Print all the records below, word for word and in full.

(Dataset excerpts)

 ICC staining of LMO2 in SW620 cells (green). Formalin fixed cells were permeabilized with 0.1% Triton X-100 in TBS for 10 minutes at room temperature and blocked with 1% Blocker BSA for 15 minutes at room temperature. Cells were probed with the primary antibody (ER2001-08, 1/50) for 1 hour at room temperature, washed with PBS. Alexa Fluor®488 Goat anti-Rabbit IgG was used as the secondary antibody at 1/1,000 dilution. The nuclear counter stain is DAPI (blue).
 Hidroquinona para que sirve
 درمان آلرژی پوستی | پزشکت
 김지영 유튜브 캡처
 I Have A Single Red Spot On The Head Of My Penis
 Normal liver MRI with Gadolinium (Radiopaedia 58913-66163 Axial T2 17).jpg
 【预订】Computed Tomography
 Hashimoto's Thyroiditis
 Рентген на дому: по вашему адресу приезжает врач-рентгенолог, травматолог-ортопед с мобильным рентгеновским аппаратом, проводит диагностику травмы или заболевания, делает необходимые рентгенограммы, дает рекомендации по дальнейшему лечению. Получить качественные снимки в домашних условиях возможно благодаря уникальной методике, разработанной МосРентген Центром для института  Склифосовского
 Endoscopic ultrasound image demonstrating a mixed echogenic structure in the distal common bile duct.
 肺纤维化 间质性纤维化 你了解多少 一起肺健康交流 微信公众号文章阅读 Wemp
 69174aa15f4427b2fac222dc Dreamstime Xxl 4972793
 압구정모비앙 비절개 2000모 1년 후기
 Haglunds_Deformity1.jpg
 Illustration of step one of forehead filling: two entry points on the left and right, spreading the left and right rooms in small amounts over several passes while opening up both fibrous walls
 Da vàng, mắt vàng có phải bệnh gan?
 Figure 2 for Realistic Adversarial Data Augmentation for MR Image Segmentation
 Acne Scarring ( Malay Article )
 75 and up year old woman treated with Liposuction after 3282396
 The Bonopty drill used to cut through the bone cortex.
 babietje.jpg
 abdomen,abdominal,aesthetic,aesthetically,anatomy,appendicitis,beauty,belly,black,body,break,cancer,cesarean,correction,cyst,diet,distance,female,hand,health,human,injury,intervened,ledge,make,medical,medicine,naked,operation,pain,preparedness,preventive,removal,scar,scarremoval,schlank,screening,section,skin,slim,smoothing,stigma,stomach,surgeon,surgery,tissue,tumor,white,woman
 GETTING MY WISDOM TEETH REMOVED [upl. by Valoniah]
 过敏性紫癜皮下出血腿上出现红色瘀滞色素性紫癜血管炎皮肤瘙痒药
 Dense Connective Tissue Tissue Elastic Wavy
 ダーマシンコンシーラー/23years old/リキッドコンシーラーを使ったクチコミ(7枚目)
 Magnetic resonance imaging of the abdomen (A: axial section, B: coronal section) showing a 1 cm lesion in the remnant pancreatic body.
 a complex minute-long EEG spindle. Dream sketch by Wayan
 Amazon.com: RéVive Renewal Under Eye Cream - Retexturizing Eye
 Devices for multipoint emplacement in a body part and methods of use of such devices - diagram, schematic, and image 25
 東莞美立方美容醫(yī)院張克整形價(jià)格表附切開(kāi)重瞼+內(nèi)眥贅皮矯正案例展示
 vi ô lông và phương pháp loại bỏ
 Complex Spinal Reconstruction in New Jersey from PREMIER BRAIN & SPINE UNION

(End Dataset excerpts)

#### [Result for this exercise]
 ICC staining of LMO2 in SW620 cells (green). Formalin fixed cells were permeabilized with 0.1% Triton X-100 in TBS for 10 minutes at room temperature and blocked with 1% Blocker BSA for 15 minutes at room temperature. Cells were probed with the primary antibody (ER2001-08, 1/50) for 1 hour at room temperature, washed with PBS. Alexa Fluor®488 Goat anti-Rabbit IgG was used as the secondary antibody at 1/1,000 dilution. The nuclear counter stain is DAPI (blue).
 Hidroquinona para que sirve
 درمان آلرژی پوستی | پزشکت
 김지영 유튜브 캡처
 I Have A Single Red Spot On The Head Of My Penis
 Normal liver MRI with Gadolinium (Radiopaedia 58913-66163 Axial T2 17).jpg
 【预订】Computed Tomography
 Hashimoto's Thyroiditis
 Рентген на дому: по вашему адресу приезжает врач-рентгенолог, травматолог-ортопед с мобильным рентгеновским аппаратом, проводит диагностику травмы или заболевания, делает необходимые рентгенограммы, дает рекомендации по дальнейшему лечению. Получить качественные снимки в домашних условиях возможно благодаря уникальной методике, разработанной МосРентген Центром для института  Склифосовского
 Endoscopic ultrasound image demonstrating a mixed echogenic structure in the distal common bile duct.
 肺纤维化 间质性纤维化 你了解多少 一起肺健康交流 微信公众号文章阅读 Wemp
 69174aa15f4427b2fac222dc Dreamstime Xxl 4972793
 압구정모비앙 비절개 2000모 1년 후기
 Haglunds_Deformity1.jpg
 Illustration of step one of forehead filling: two entry points on the left and right, spreading the left and right rooms in small amounts over several passes while opening up both fibrous walls
 Da vàng, mắt vàng có phải bệnh gan?
 Figure 2 for Realistic Adversarial Data Augmentation for MR Image Segmentation
 Acne Scarring ( Malay Article )
 75 and up year old woman treated with Liposuction after 3282396
 The Bonopty drill used to cut through the bone cortex.
 babietje.jpg
 abdomen,abdominal,aesthetic,aesthetically,anatomy,appendicitis,beauty,belly,black,body,break,cancer,cesarean,correction,cyst,diet,distance,female,hand,health,human,injury,intervened,ledge,make,medical,medicine,naked,operation,pain,preparedness,preventive,removal,scar,scarremoval,schlank,screening,section,skin,slim,smoothing,stigma,stomach,surgeon,surgery,tissue,tumor,white,woman
 GETTING MY WISDOM TEETH REMOVED [upl. by Valoniah]
 过敏性紫癜皮下出血腿上出现红色瘀滞色素性紫癜血管炎皮肤瘙痒药
 Dense Connective Tissue Tissue Elastic Wavy
 ダーマシンコンシーラー/23years old/リキッドコンシーラーを使ったクチコミ(7枚目)
 Magnetic resonance imaging of the abdomen (A: axial section, B: coronal section) showing a 1 cm lesion in the remnant pancreatic body.
 a complex minute-long EEG spindle. Dream sketch by Wayan
 Amazon.com: RéVive Renewal Under Eye Cream - Retexturizing Eye
 Devices for multipoint emplacement in a body part and methods of use of such devices - diagram, schematic, and image 25
 東莞美立方美容醫(yī)院張克整形價(jià)格表附切開(kāi)重瞼+內(nèi)眥贅皮矯正案例展示
 vi ô lông và phương pháp loại bỏ
 Complex Spinal Reconstruction in New Jersey from PREMIER BRAIN & SPINE UNION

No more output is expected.